[[ The data open ]]

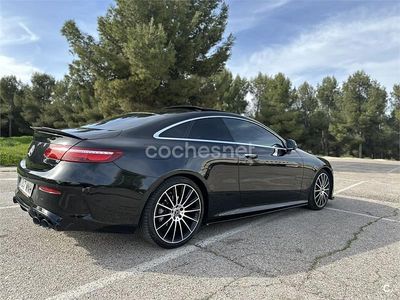 Usado Mercedes E220 194 CV (142 kW) 2020 Negro Coupe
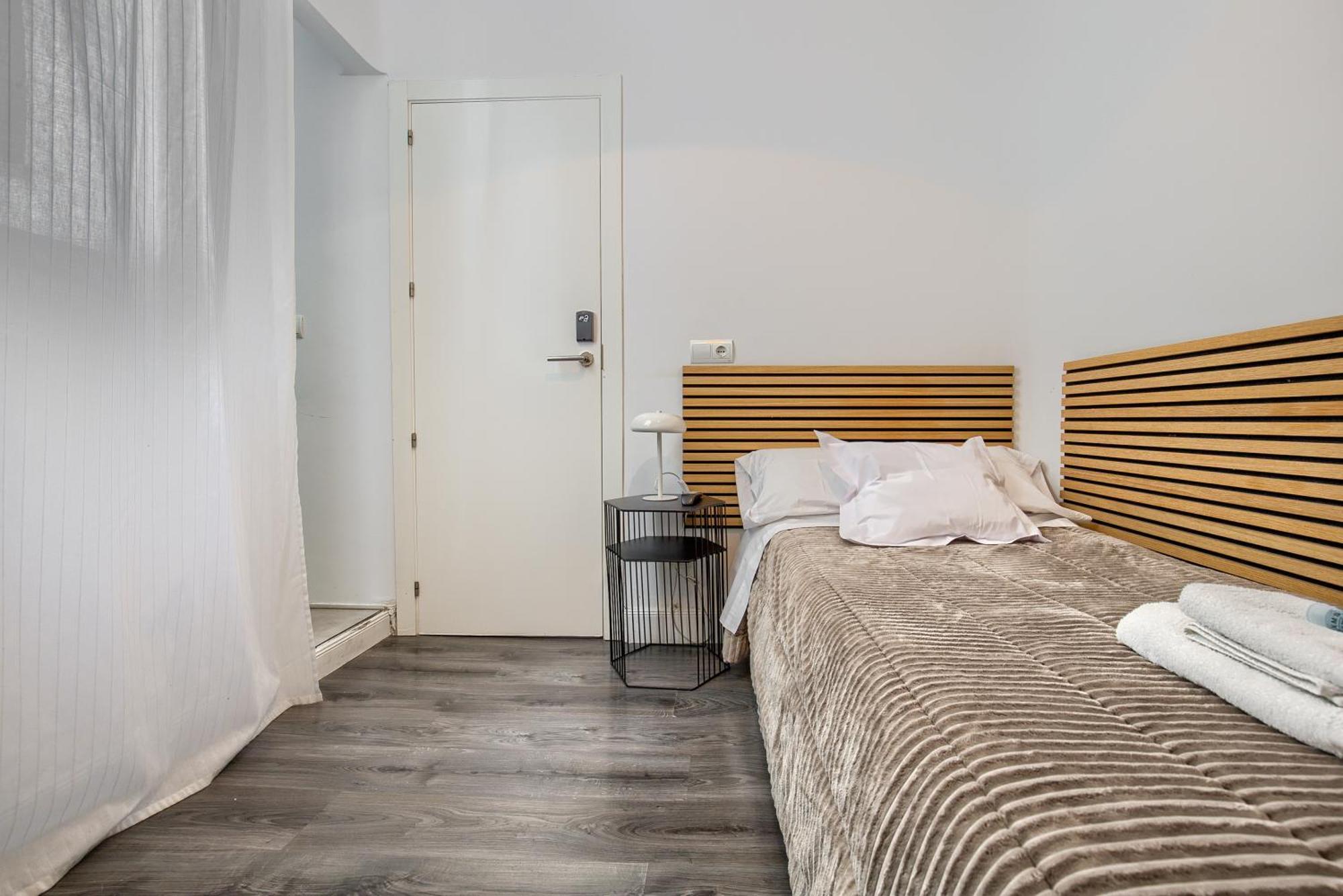 Hostal Besaya Мадрид Екстер'єр фото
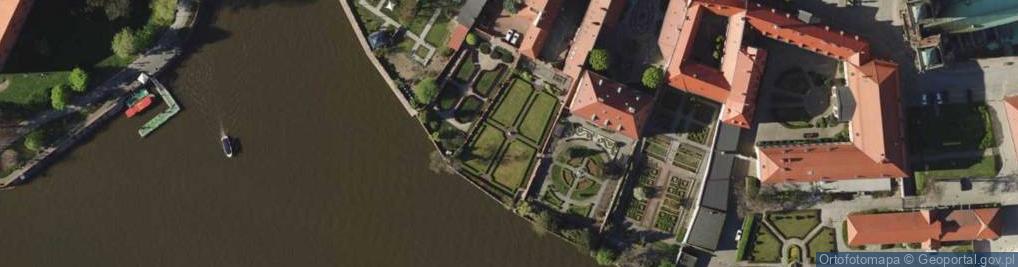 Zdjęcie satelitarne Pomnik Edmunda Bojanowskiego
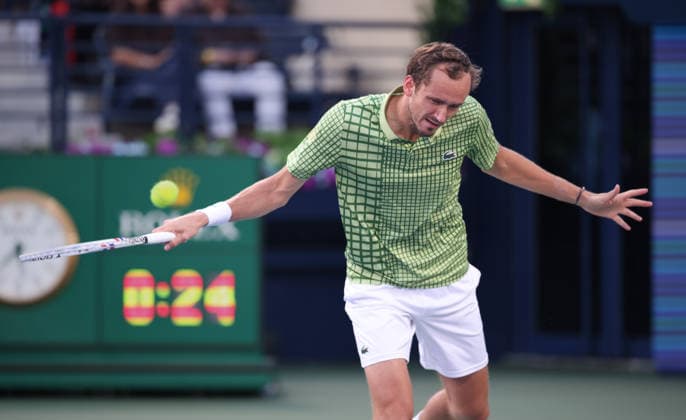 Daniil Medvedev spielt einen Slice, Dubai Duty Free Tennis Championships, Dubai, U.A.E. Tennis - Dubai Tennis Championships 2026 - ATP, Tennis Herren - Dubai Duty Free Tennis Stadium - Dubai - - United Arab Emirates - 28 February 2026. Copyright: xJuergenxHasenkopfx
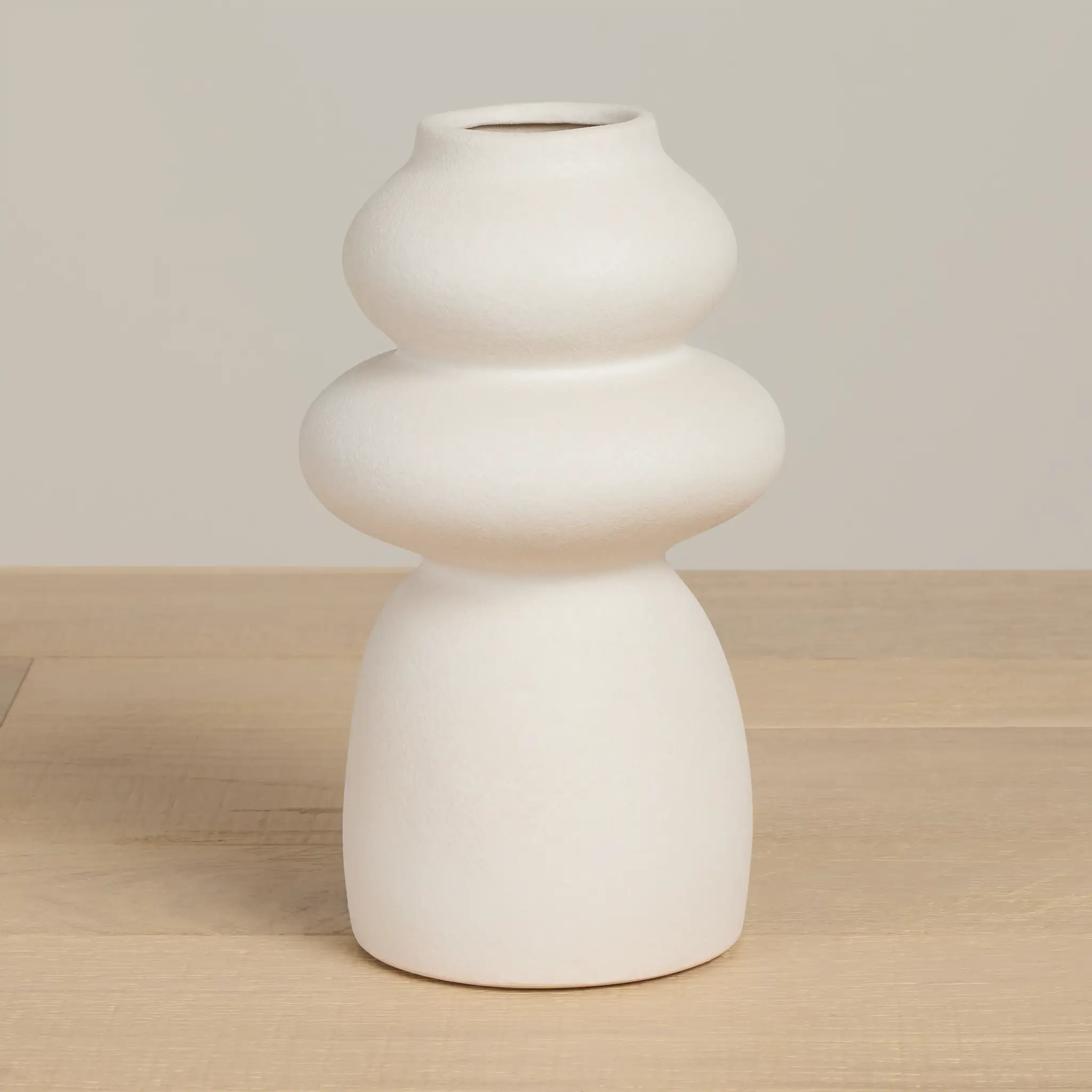 Zoni Ivory Medium Vase Zoni Ivory Medium Vase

[[ The data closed ]]

All pictures are to be skipped; the lines from the first line of the records through the line containing "Zdjęcie satelitarne Pomnik" are to be repeated exactly, both ends included.

* **Answer section**:
 Usado Mercedes E220 194 CV (142 kW) 2020 Negro Coupe
 Hostal Besaya Мадрид Екстер'єр фото
 Zdjęcie satelitarne Pomnik Edmunda Bojanowskiego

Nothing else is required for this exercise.